Exercise details -
With both ends included, repeat exactly the lines of the entries below from the one containing "Hot and Electro" down to the one containing "Зеленый Пежо 308, объемом", and no others.

Material for the task -
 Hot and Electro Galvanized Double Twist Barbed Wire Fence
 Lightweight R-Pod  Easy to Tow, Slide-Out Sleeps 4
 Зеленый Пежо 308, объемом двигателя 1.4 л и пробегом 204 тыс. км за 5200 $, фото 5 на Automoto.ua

==

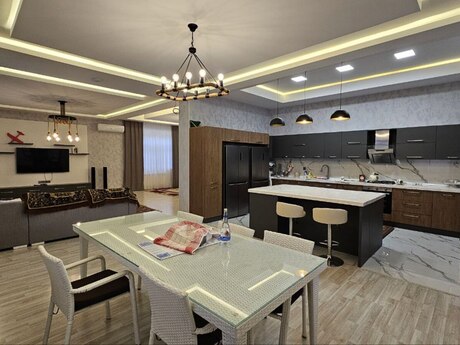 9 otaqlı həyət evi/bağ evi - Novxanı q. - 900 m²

Expected answer -
 Hot and Electro Galvanized Double Twist Barbed Wire Fence
 Lightweight R-Pod  Easy to Tow, Slide-Out Sleeps 4
 Зеленый Пежо 308, объемом двигателя 1.4 л и пробегом 204 тыс. км за 5200 $, фото 5 на Automoto.ua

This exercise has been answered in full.